Marino exit adds to NFL's starless sky

On The NFL

March 19, 2000|By Vito Stellino | Vito Stellino,SUN STAFF

It was obviously tempting for Dan Marino.

The idea of throwing to Cris Carter and Randy Moss and handing off to Robert Smith intrigued him. So did the idea of making one more run for the Super Bowl.

In the end, though, Marino made the logical move when he declined the Minnesota Vikings' offer and decided to retire after 17 years.

Marino simply didn't appear to have enough left in the tank to last another season.

And the reality of playing for the Vikings probably wasn't as good as it looked on paper. The team appears to be in turmoil, with coach Dennis Green shaking up the coaching staff and the defense so weak.

It's still unfortunate for the fans that Marino, who was Picasso with a brush in his hand when he picked up a football, has thrown his last pass. In the last year, the NFL has lost John Elway, Barry Sanders -- assuming he doesn't return -- and now Marino.

The NFL has a shortage of stars and now the Dolphins don't have one. For three decades, since Don Shula left Baltimore for Miami, the Dolphins were an attraction. Now they're just another team.

Just like a lot of other teams.
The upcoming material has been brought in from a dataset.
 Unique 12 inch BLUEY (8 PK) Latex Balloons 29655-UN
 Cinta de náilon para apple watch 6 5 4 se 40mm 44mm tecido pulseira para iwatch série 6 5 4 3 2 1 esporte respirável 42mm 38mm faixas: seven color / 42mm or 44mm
The lack of marquee attractions is a problem for the league now that only one of the 12 division champions in 1997 and 1998 -- Jacksonville -- repeated last season.

The ABC-TV executives sacked Boomer Esiason and two executives a week ago, presumably in an attempt to recapture the buzz of the 1970s when what happened on "Monday Night Football" was water cooler conversation in offices around the country Tuesday morning.
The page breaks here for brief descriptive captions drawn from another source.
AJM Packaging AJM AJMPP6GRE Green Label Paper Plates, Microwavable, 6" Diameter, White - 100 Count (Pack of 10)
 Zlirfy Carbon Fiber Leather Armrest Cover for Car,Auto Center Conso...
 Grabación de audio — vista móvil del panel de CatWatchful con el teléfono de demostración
Bringing back the '70s, though, seems impossible in the free-agency era. Howard Cosell and Don Meredith helped make it must-see TV in the pre-cable era, but it helped that it was an era of dynasties. Chuck Noll's Pittsburgh Steelers won four Super Bowls, Shula's Dolphins and Tom Landry's Dallas Cowboys won two, and John Madden's Oakland Raiders were a contender every year and won one. So were Bud Grant's Vikings, even though they lost four Super Bowls.

They don't make teams like that anymore.

A Fort Lauderdale columnist lamented Marino's departure when he said the Dolphins now had "No star running back. No star free-agent signing thus far. No national stars on the roster, period. Get the team picture? It looks an awful lot like the Baltimore Ravens, doesn't it? Only now even the Ravens have Shannon Sharpe to draw a spotlight."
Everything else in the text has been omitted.